Die weitere Mitarbeiterin M verfügte über einen gleichlautenden Arbeitsvertrag wie der Kläger.
Bis zum Jahre 2004 einschließlich erhielt der Kläger jeweils das „13. Monatsgehalt” im Sinne von § 5 Abs. 1. Darüber hinaus erhielt er in den Kalenderjahren 2003 und 2004 ein 14. Gehalt als Urlaubsgeld entsprechend § 8 des Arbeitsvertrages.
Auch im Jahre 2005 zahlte die Beklagte im Sommer an den Kläger ein zusätzliches Gehalt als Urlaubsgeld. Ein weiteres zusätzliches Gehalt zahlte die Beklagte im Kalenderjahr 2005 jedoch nicht.

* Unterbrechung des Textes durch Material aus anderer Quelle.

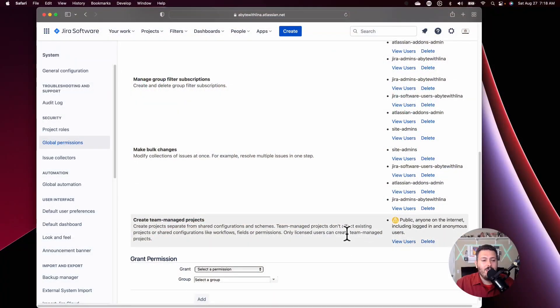This could be a good or bad thing. I personally don't support or promote team managed projects because they're too limiting, and I'm a big proponent of removing the ability to create them altogether. But regardless of how you run your instance, you need to be aware that out of the box, this setting is set to public. Anyone on the internet — including logged-in and anonymous users — can create team managed projects. If anybody knows your Jira instance URL, they could potentially come in and create projects, which is a big security issue.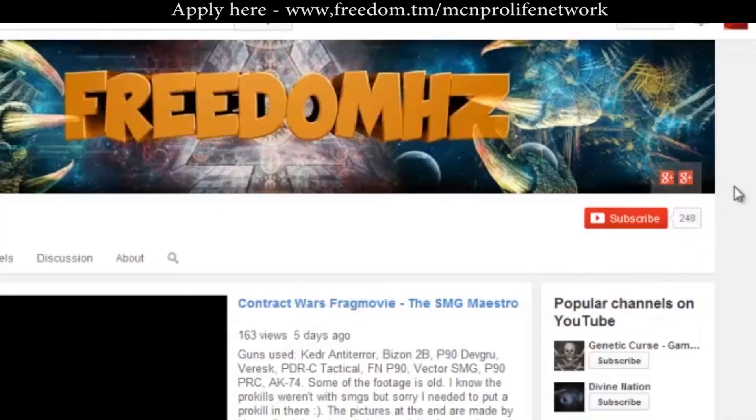The second thing is you need to add some custom links into your channel banner. That can be done by going to your About section, and from there you can edit some settings and add custom links like Twitter, Facebook, or any other link you want. You can also add your referral link there so that if somebody joins using your link, you can get paid.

Der Kläger hat die Auffassung vertreten, ihm stehe auch für das Kalenderjahr 2005 ein „13. Monatagehalt” im Sinne von § 5 Abs. 1 seines Arbeitsvertrages zu, welches im November 2005 hätte gezahlt werden müssen, aber ohne vorherige Ankündigung nicht gezahlt worden sei. Der Kläger vertritt die Auffassung, dass es sich bei der in § 5 des Arbeitsvertrages geregelten Leistung um ein echtes 13. Monatsgehalt handele, dessen Zweck darin bestanden habe, die Arbeitsleistung, die er, der Kläger, im Jahre 2005 bereits erbracht habe, zusätzlich zu vergüten. Dies ergebe sich nicht nur aus der ausdrücklichen Bezeichnung als „13. Monatsgehalt”, sondern insbesondere auch daraus, dass die Leistung im Ein- und Austrittsjahr zeitanteilig entsprechend der Anzahl der vollen Beschäftigungsmonate gezahlt worden sei und besonders sinnfällig daraus, dass bei der Berechnung der Höhe des Anspruchs Zeiten, in denen der Arbeitnehmer nicht in laufendem Vergütungsbezug gestanden habe, auszu...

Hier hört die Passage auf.